OUTPUT_VCF="HG002_HiFi_35x_2_GRCh38_PEPPER_Margin_DeepVariant.chr20.vcf.gz"
# Set the number of CPUs to use
THREADS="64"
# Set up output directory
OUTPUT_DIR="${BASE}/output"
## Create local directory structure
mkdir -p "${OUTPUT_DIR}"
mkdir -p "${INPUT_DIR}"
# Download the data to input directory
wget -P ${INPUT_DIR} https://downloads.pacbcloud.com/public/dataset/HG003/deepvariant-case-study/HG003.GRCh38.chr20.pFDA_truthv2.bam
wget -P ${INPUT_DIR} https://downloads.pacbcloud.com/public/dataset/HG003/deepvariant-case-study/HG003.GRCh38.chr20.pFDA_truthv2.bam.bai
wget -P ${INPUT_DIR} https://storage.googleapis.com/pepper-deepvariant-public/usecase_data/GRCh38_no_alt.chr20.fa
wget -P ${INPUT_DIR} https://storage.googleapis.com/pepper-deepvariant-public/usecase_data/GRCh38_no_alt.chr20.fa.fai
## Pull the docker image.
sudo docker pull kishwars/pepper_deepvariant:r0.8-gpu
# Run PEPPER-Margin-DeepVariant
sudo docker run --ipc=host \
--gpus all \
-v "${INPUT_DIR}":"${INPUT_DIR}" \
-v "${OUTPUT_DIR}":"${OUTPUT_DIR}" \
kishwars/pepper_deepvariant:r0.8-gpu \
run_pepper_margin_deepvariant call_variant \
-b "${INPUT_DIR}/${BAM}" \
-f "${INPUT_DIR}/${REF}" \
-o "${OUTPUT_DIR}" \
-p "${OUTPUT_PREFIX}" \
-t ${THREADS} \
-g \
--hifi
You can evaluate the variants using hap.py
.
Download benchmarking data:
# Set up input data
TRUTH_VCF="HG003_GRCh38_1_22_v4.2.1_benchmark.vcf.gz"
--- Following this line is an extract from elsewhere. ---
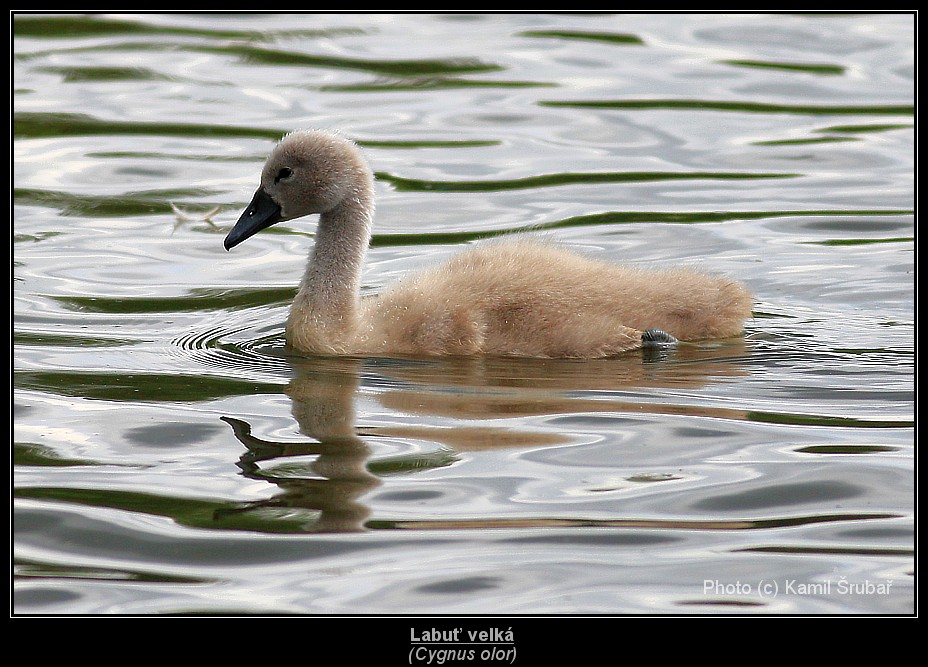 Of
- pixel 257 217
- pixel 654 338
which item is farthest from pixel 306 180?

TRUTH_BED="HG003_GRCh38_1_22_v4.2.1_benchmark_noinconsistent.bed"
# Download truth VCFs
wget -P ${INPUT_DIR} ftp://ftp-trace.ncbi.nlm.nih.gov/giab/ftp/release/AshkenazimTrio/HG003_NA24149_father/NISTv4.2.1/GRCh38/HG003_GRCh38_1_22_v4.2.1_benchmark_noinconsistent.bed
wget -P ${INPUT_DIR} ftp://ftp-trace.ncbi.nlm.nih.gov/giab/ftp/release/AshkenazimTrio/HG003_NA24149_father/NISTv4.2.1/GRCh38/HG003_GRCh38_1_22_v4.2.1_benchmark.vcf.gz
wget -P ${INPUT_DIR} ftp://ftp-trace.ncbi.nlm.nih.gov/giab/ftp/release/AshkenazimTrio/HG003_NA24149_father/NISTv4.2.1/GRCh38/HG003_GRCh38_1_22_v4.2.1_benchmark.vcf.gz.tbi
Run hap.py:
# Pull the docker image
sudo docker pull jmcdani20/hap.py:v0.3.12
# Run hap.py
sudo docker run -it \
-v "${INPUT_DIR}":"${INPUT_DIR}" \
-v "${OUTPUT_DIR}":"${OUTPUT_DIR}" \
jmcdani20/hap.py:v0.3.12 /opt/hap.py/bin/hap.py \
${INPUT_DIR}/${TRUTH_VCF} \
${OUTPUT_DIR}/${OUTPUT_VCF} \
-f "${INPUT_DIR}/${TRUTH_BED}" \
-r "${INPUT_DIR}/${REF}" \
-o "${OUTPUT_DIR}/happy.output" \
--pass-only \
-l chr20 \
--engine=vcfeval \
--threads="${THREADS}"
Expected output:
Type | Truth total |
True positives |
False negatives |
False positives |
Recall | Precision | F1-Score |
---|---|---|---|---|---|---|---|
INDEL | 10628 | 10558 | 64 | 75 | 0.993978 | 0.993233 | 0.993605 |
SNP | 70166 | 70137 | 26 | 15 | 0.999629 | 0.999786 | 0.999708 |
This pipeline is developed in a collaboration between UCSC genomics institute and the genomics team at Google health.